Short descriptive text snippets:
Content starts
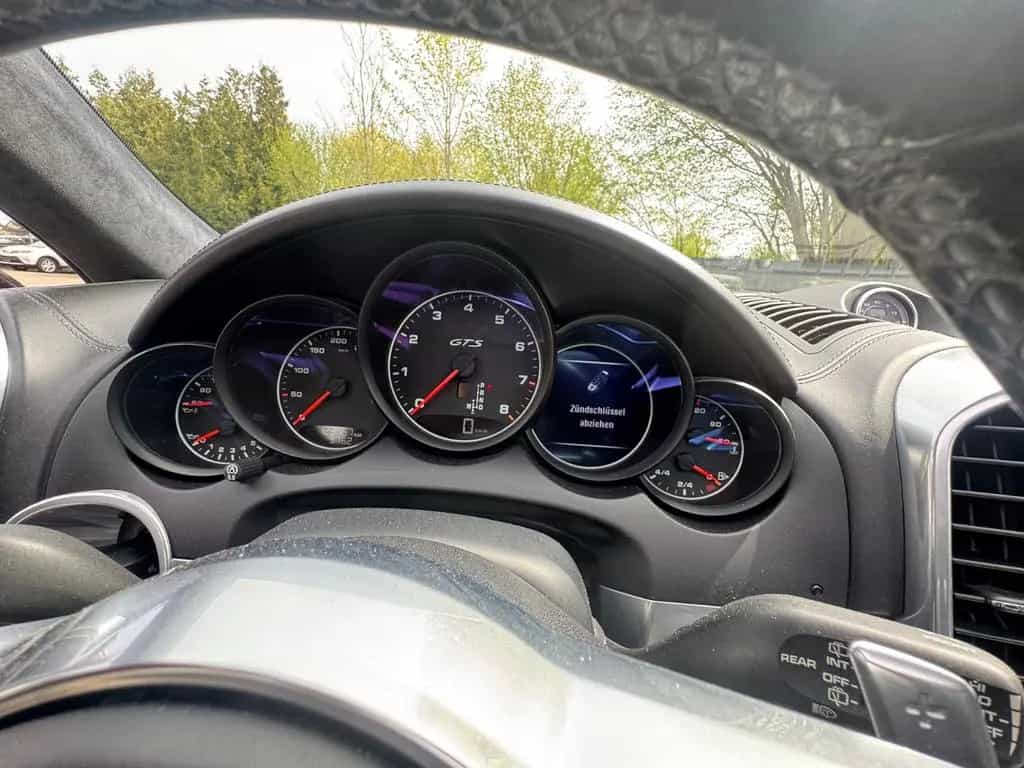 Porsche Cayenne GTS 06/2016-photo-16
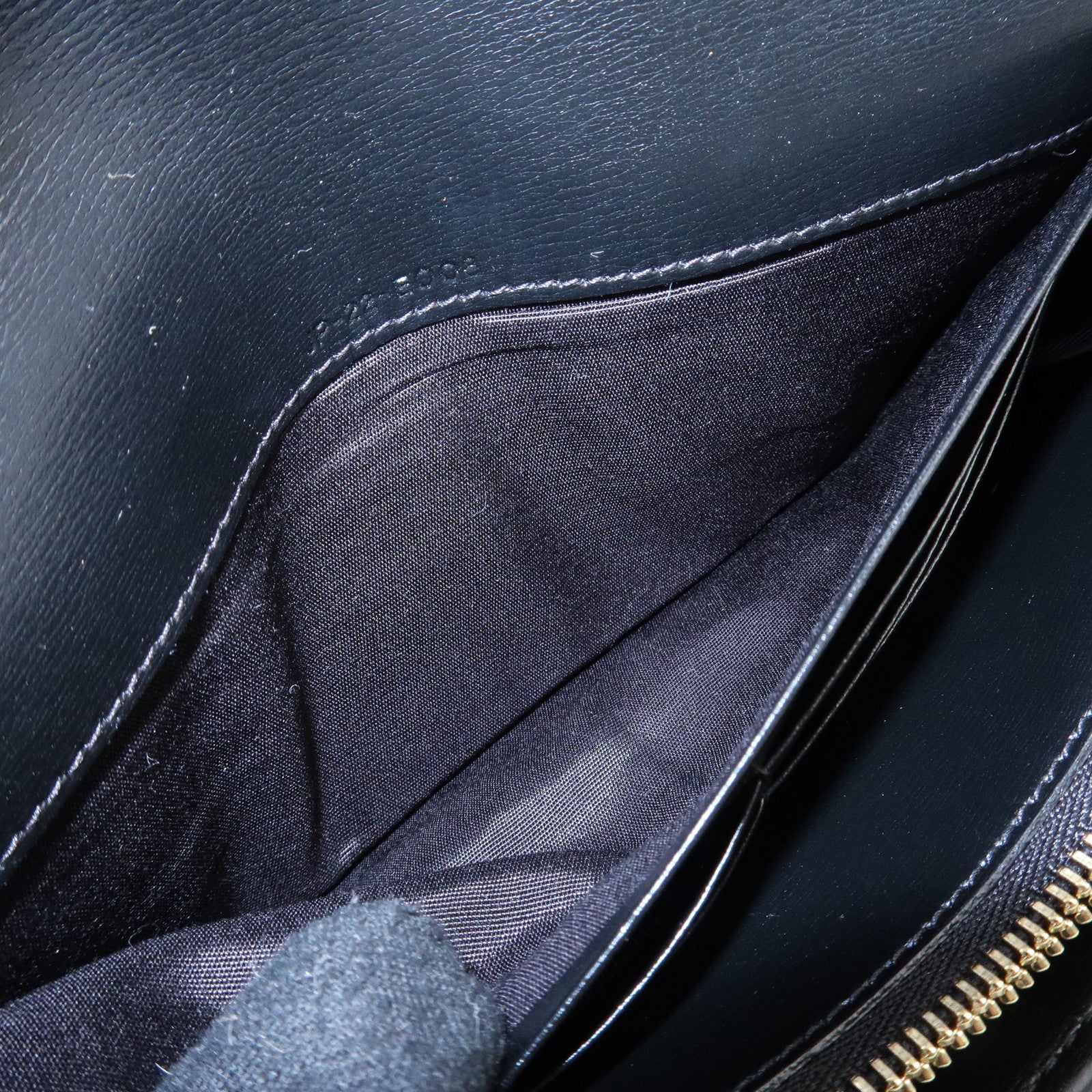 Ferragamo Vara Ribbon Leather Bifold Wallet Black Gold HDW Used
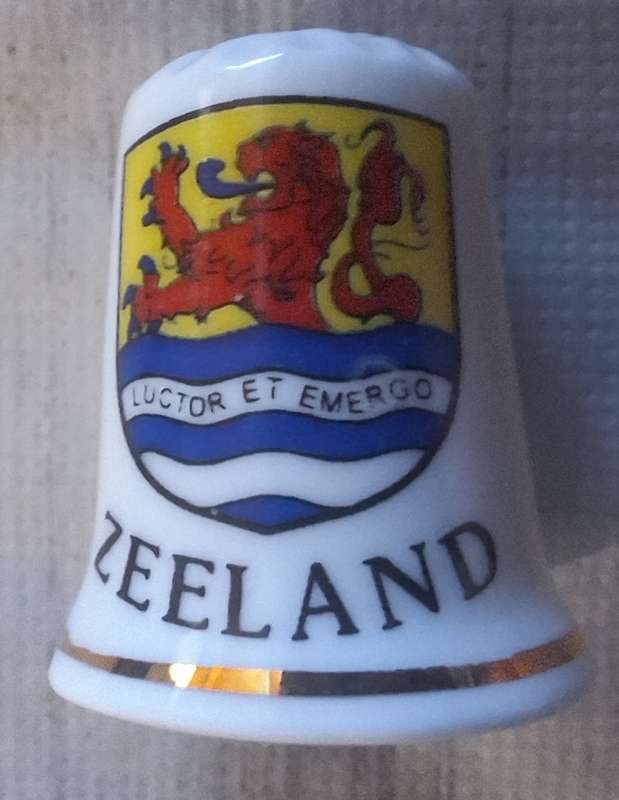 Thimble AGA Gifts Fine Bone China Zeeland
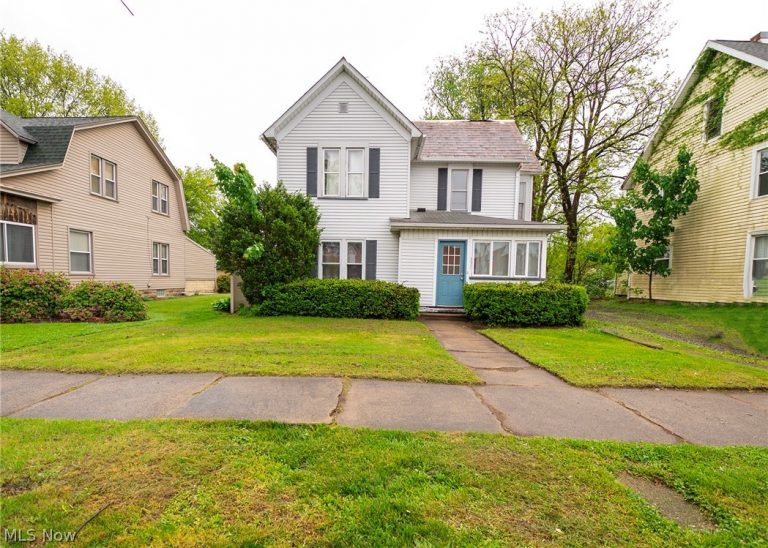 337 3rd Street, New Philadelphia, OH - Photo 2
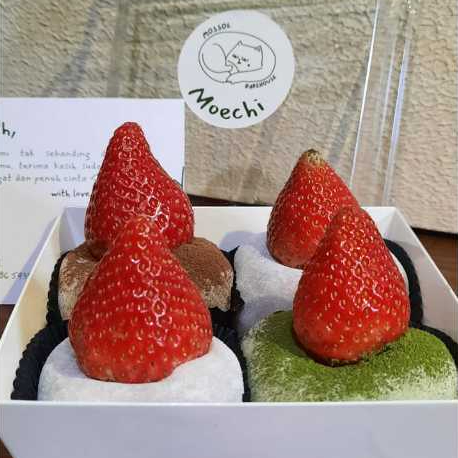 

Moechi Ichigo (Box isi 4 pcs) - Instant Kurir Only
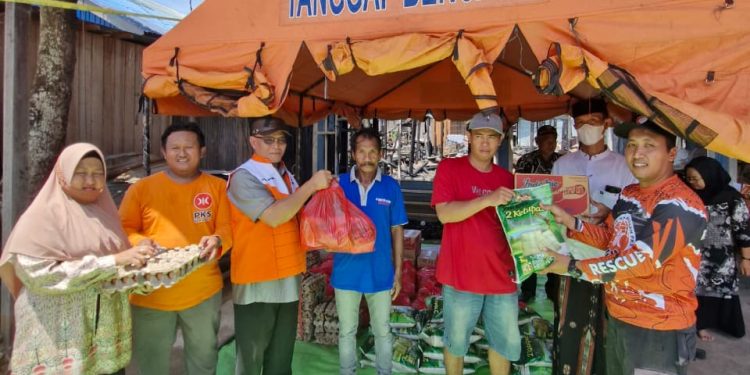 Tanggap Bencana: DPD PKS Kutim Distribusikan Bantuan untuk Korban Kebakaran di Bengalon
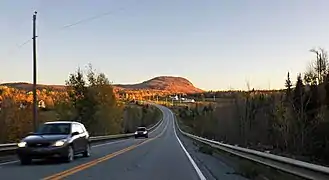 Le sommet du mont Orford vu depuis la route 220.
Content ends
**What the task requires**
Repeat exactly the lines above, starting at the one that contains "Moechi Ichigo (Box" and stopping at the last line of the entries, and leave out the pictures.

**Result of the exercise**
Moechi Ichigo (Box isi 4 pcs) - Instant Kurir Only
 Tanggap Bencana: DPD PKS Kutim Distribusikan Bantuan untuk Korban Kebakaran di Bengalon
 Le sommet du mont Orford vu depuis la route 220.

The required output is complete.